The Kingdom of God can be experienced by incorporating everyone, especially the most fragile, and it is lived by sharing in community. In multicultural diversity is present the project of the Kingdom, which aspires to the unity, fraternity and reconciliation of peoples. “Life exists where there is bonding, communion and fraternity”[1]. To build community, to build a pueblo, is to build the Kingdom of God; it is “rise to the challenge of envisaging a new humanity”[2].
[1] Francisco, Encyclical Letter Fratelli Tutti, n. 87.
[2] Ibid., n. 127.
To share ourselves and the world is one of the indigenous values that can help the survival of our common home. The mission of the Rarámuri on this earth is to take care of the world that God has entrusted to them. To take care of this world is to share fraternally in everything and in this way recover the original harmony, which is God’s dream for humanity. The Rarámuri recognize themselves as sinners and at the same time collaborators of the Kingdom that is present among us.
God works daily in and for the community. Religious experience is not separate from daily life. We experience God when we are in contact with others as a community. When daily relationality is lost, we move away from the experience of God. The daily action of God is found in the sharing of the Rarámuri community in every feast, in every offering in front of the cross.

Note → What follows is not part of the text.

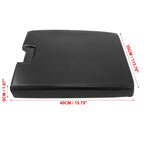 Center Console Cover for Chevrolet Silverado 1500 (2007–2013) 20864151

In addition to receiving baptism in the Church, the experience of community is central for the Rarámuri to recognize themselves as pagótuame or baptized. The feasts generate an experience and an attachment to God and to the community. The fundamental experience of being pagótuame is to be truly Rarámuri; to build a pueblo, to work together, to celebrate, to take care of the land and the people, to not be aggressive. The fundamental experience of building a pueblo or community in relationship with God and nature makes the Rarámuri into a pagótuame. To be Rarámuri pagótuame means to believe in Onorúame -God- and in his salvific will, making us a pueblo.
Salvation consists in belonging to and belonging in a pueblo or community. In today’s world we face the temptation of accessing salvation on an individual basis. However, God did not want to save us individually, but by creating a pueblo, by creating community[1]. Salvation consists, therefore, in being sons and daughters, and seeing ourselves as brothers and sisters; in constantly remaking the community, in recovering in every feast the harmony broken by sin when we are not communitarian [2].
[1]Cfr.CELAM, Aparecida, n. 164.
[2] Cfr.J. R. Robles O., «Anexo I. Análisis de la parroquia de Norogachi» [Annex I. Analysis of the parish of Norogachi] in Field Notes, Unpublished (May 1992), p. 760.